• **Task inputs**
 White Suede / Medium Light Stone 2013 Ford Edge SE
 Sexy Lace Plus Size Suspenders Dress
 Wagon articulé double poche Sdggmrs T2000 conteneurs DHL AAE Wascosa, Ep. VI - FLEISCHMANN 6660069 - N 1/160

---

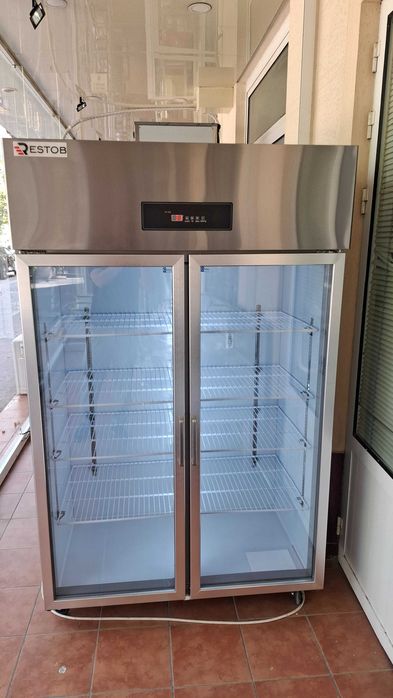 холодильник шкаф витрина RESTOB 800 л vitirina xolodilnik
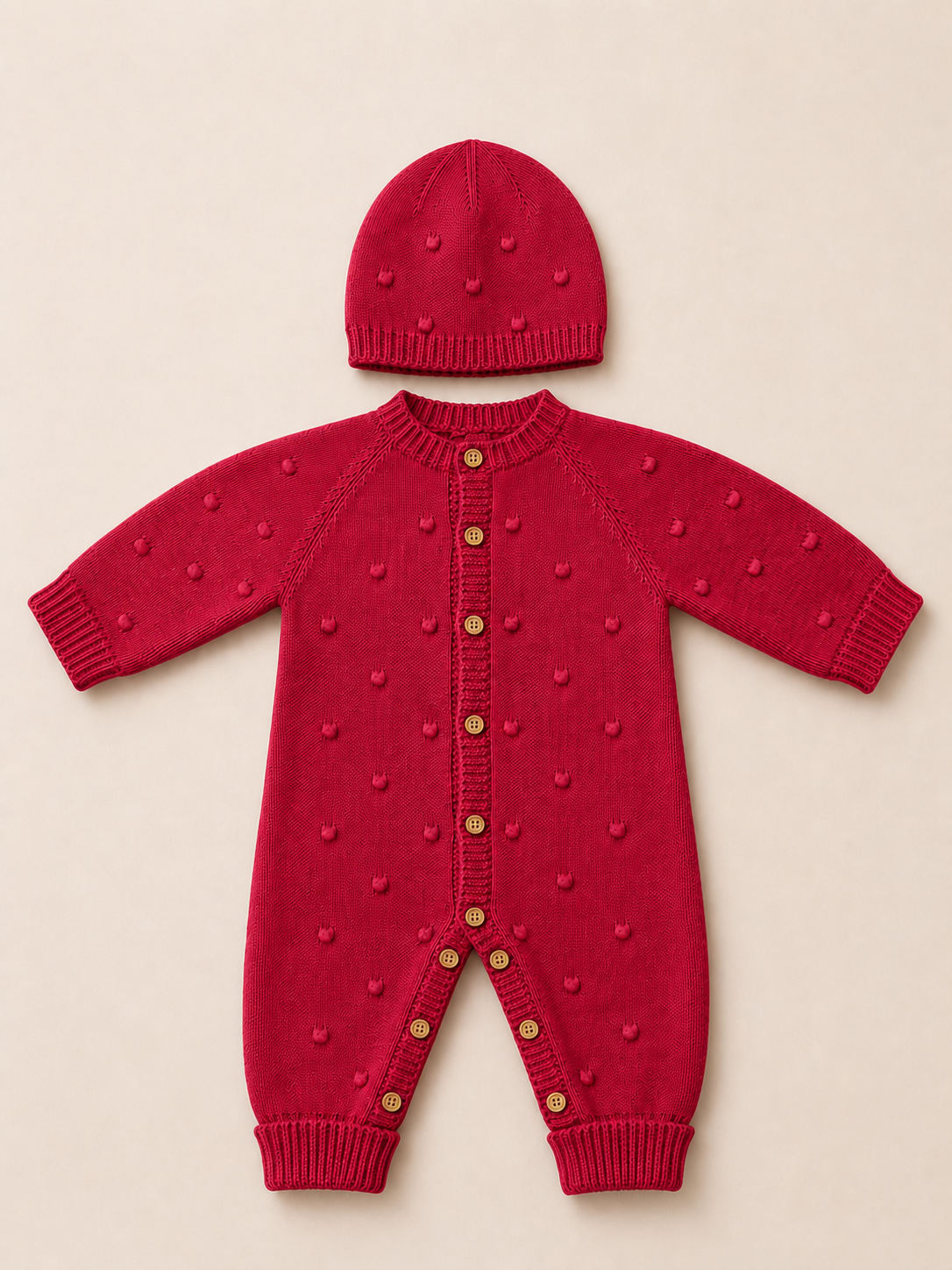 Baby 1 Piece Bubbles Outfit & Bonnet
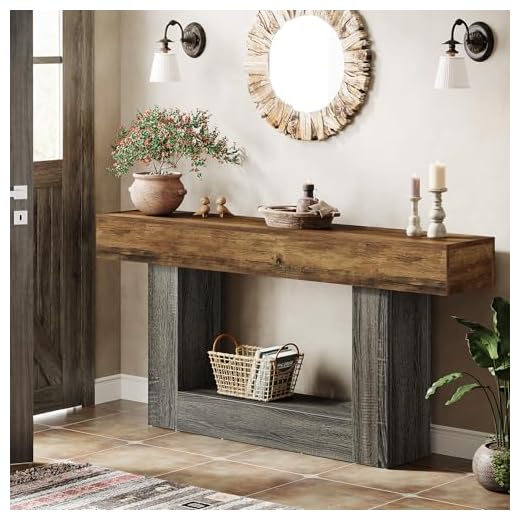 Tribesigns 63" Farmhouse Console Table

• **Problem to work on**
What you return from the records above should be exactly everything from the line with "Baby 1 Piece Bubbles Outfit & Bonnet" down to the line with "Farmhouse Console Table", both kept, and no pictures.

• **The completed task**
 Baby 1 Piece Bubbles Outfit & Bonnet
 Tribesigns 63" Farmhouse Console Table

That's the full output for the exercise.